### [Required action]
Copy out the full data exactly as given; pictures should not be included.

### [Recorded data]
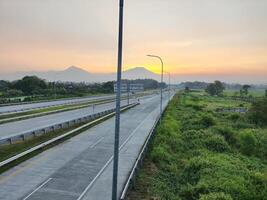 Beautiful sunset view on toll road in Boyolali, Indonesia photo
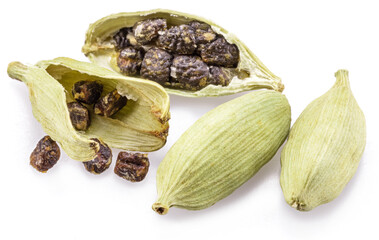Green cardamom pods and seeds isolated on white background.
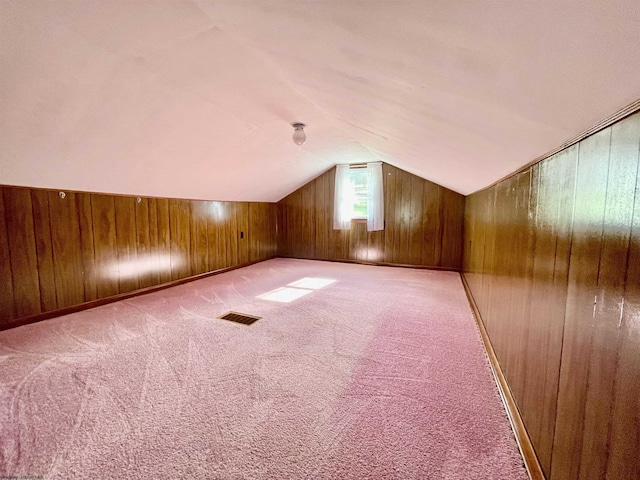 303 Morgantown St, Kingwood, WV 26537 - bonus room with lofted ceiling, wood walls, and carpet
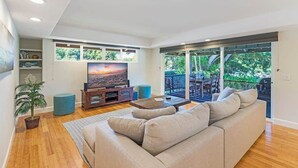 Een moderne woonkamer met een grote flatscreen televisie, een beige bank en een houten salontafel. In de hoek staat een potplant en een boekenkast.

### [Output for this exercise]
 Beautiful sunset view on toll road in Boyolali, Indonesia photo
Green cardamom pods and seeds isolated on white background.
 303 Morgantown St, Kingwood, WV 26537 - bonus room with lofted ceiling, wood walls, and carpet
 Een moderne woonkamer met een grote flatscreen televisie, een beige bank en een houten salontafel. In de hoek staat een potplant en een boekenkast.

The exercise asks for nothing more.